- _GIVEN MATERIAL_
--- START ---

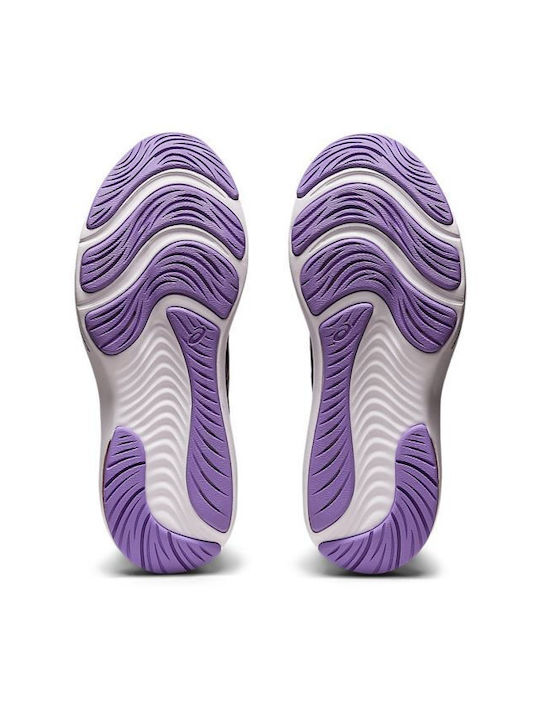 Gel-Pulse 14 Femei Pantofi sport Alergare Negre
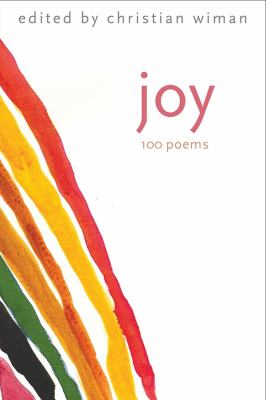 Joy : 100 poems  cover image cdn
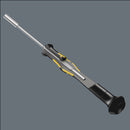 Wera 05030150001 1569 ESD Nutdriver Kraftform Micro, 5 x 60 mm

--- END ---

- _WHAT THE TASK REQUIRES_
When you retype the listing above, keep each line exactly as written and drop the pictures.

- _RESULT OF THE TASK_
 Gel-Pulse 14 Femei Pantofi sport Alergare Negre
 Joy : 100 poems  cover image cdn
 Wera 05030150001 1569 ESD Nutdriver Kraftform Micro, 5 x 60 mm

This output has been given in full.